Bobley disse que "humanidades digitais" é um termo amplo que cobre uma grande gama de atividades, desde preservação on-line e mapeamento digital até garimpagem de dados e o uso de sistemas de informação geográfica.
Trabalhando com colaboradores nas universidades de Stanford e Oxford, Dan Edelstein, professor associado de francês e italiano em Stanford, está mapeando o fluxo de ideias durante o iluminismo. Os grandes pensadores da era -Locke, Newton, Voltaire- trocaram dezenas de milhares de cartas.
Uma revelação surpreendente proporcionada pelo projeto Mapeando a República das Cartas foi a escassez de correspondência entre Paris e Londres, disse Edelstein.
"Poderíamos imaginar que, se a Inglaterra fosse essa fonte de liberdade e tolerância religiosa, houvesse um interesse contínuo maior vindo dela", disse ele.
Segundo Tom Scheinfeldt, diretor administrativo do Centro de História e Novas Mídias da Universidade George Mason, em Fairfax, Virgínia, a academia ingressou em "era pós-teórica".
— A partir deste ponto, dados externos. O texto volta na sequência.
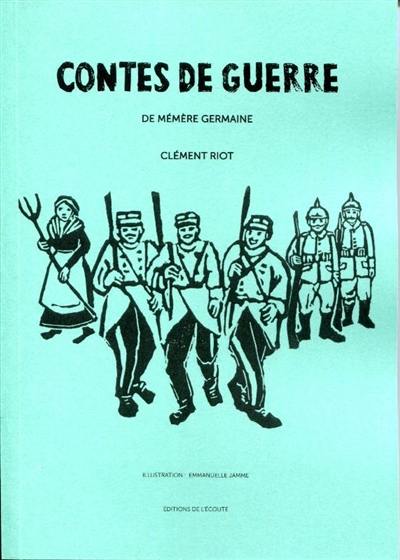 Contes de guerre : de mémère Germaine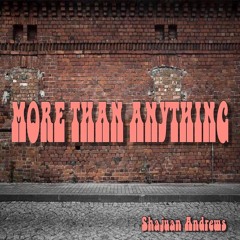 MORE THAN ANYTHING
O "momento metodológico" atual, disse, é semelhante ao final do século 19 e início do século 20, quando acadêmicos estavam preocupados em cotejar e catalogar as informações trazidas pelas revoluções nas comunicações, nos transportes e na ciência.
A busca de uma maneira de coletar, abrigar e interligar mais de 350 anos de erudição motivou o medievalista Martin K. Foys, da Universidade Drew, em Madison, Nova Jersey, a criar um mapa digital da tapeçaria de Bayeux, uma tapeçaria gigante bordada no século 11 e exposta em um museu de Bayeux, França, retratando a batalha de Hastings, na qual os normandos conquistaram a Inglaterra. Com 68 metros de comprimento, a obra é grande demais para que qualquer pessoa consiga isoladamente digerir o volume enorme de informações que contém. Assim, Foys criou uma versão digital premiada, com comentários, que estudiosos podem vasculhar no computador.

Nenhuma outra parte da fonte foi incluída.